The vast northern department of Petén occupies about a third of Guatemala but contains just over three percent of its population. Both the birthplace and heartland of the ancient Maya civilization, the region is peppered with hundreds of sites, and exploring the temples and palaces is an unforgettable experience. The ruins are surrounded by a huge expanse of tropical rainforest, swamps and savannah, with ancient ceiba and mahogany trees that tower above the forest floor. Petén is also extraordinarily rich in wildlife: some 285 bird species have been sighted at Tikal alone, including hummingbirds, toucans, hawks and wild turkeys. Among the mammals are lumbering tapir, ocelots, jaguars and monkeys, plus thousands of species of plants, reptiles, insects and butterflies.

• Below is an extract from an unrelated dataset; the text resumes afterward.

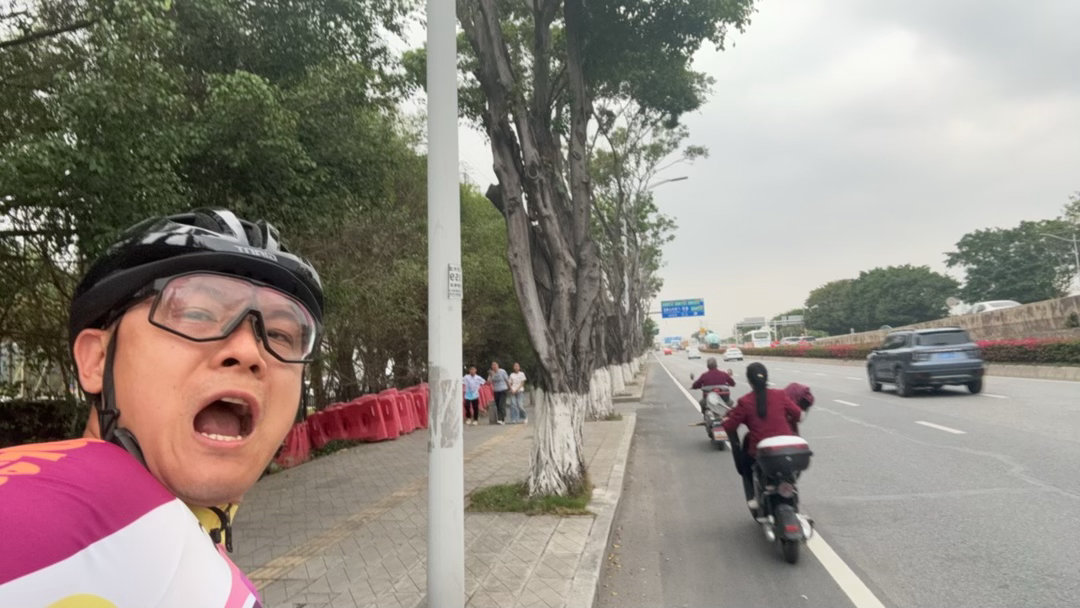 好久没骑车，把自己拉虚脱了艹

In the past few decades however, swathes of this uniquely biodiverse environment have been ravaged. Waves of settlers have cleared enormous tracts of jungle, while oil companies and commercial loggers have cut roads deep into the forest. The population of Petén, just fifteen thousand in 1950, is today estimated to be around five hundred thousand, a number that puts enormous pressure on the remaining forest. Despite forty percent of Petén being officially protected as the Reserva de la Biósfera Maya (Maya Biosphere Reserve), regulations are widely ignored and ecological activists are subject to routine threats.
The hub of the department is Lago de Petén Itzá, home to the delightful lakeside settlement of Flores, which makes a perfect base. An hour or so away are the astonishing ruins of Tikal, Petén’s prime attraction, located superbly in a rainforest reserve: no trip to Guatemala would be complete without a visit. Other imposing sites include fascinating, accessible Yaxhá, while the ruined cities of the Lago de Petexbatún region, particularly Aguateca, are spectacular. In terms of scale and historical importance, a trip to the jungle-buried monumental remains of El Mirador, a 2500-year old city of superpower status, offers a once-in-a-lifetime experience – if you’ve the time and energy for the trek to get there that is.
For almost two thousand years from 1000 BC onwards, Maya culture reached astounding architectural, scientific and artistic achievements. Petén was at the heart of this magnificent culture: great cities rose out of the forest, surrounded by huge areas of raised, irrigated fields and connected by a vast network of causeways. But climatic changes provoked the fall of the Preclassic Maya in northern Petén about AD 150, and, incredibly, history repeated itself seven centuries later when high population densities and a prolonged drought provoked the collapse of the Classic Maya. At the close of the tenth century, the great cities of Petén were abandoned, after which some Maya moved north to Yucatán, where their civilization flourished until the twelfth century.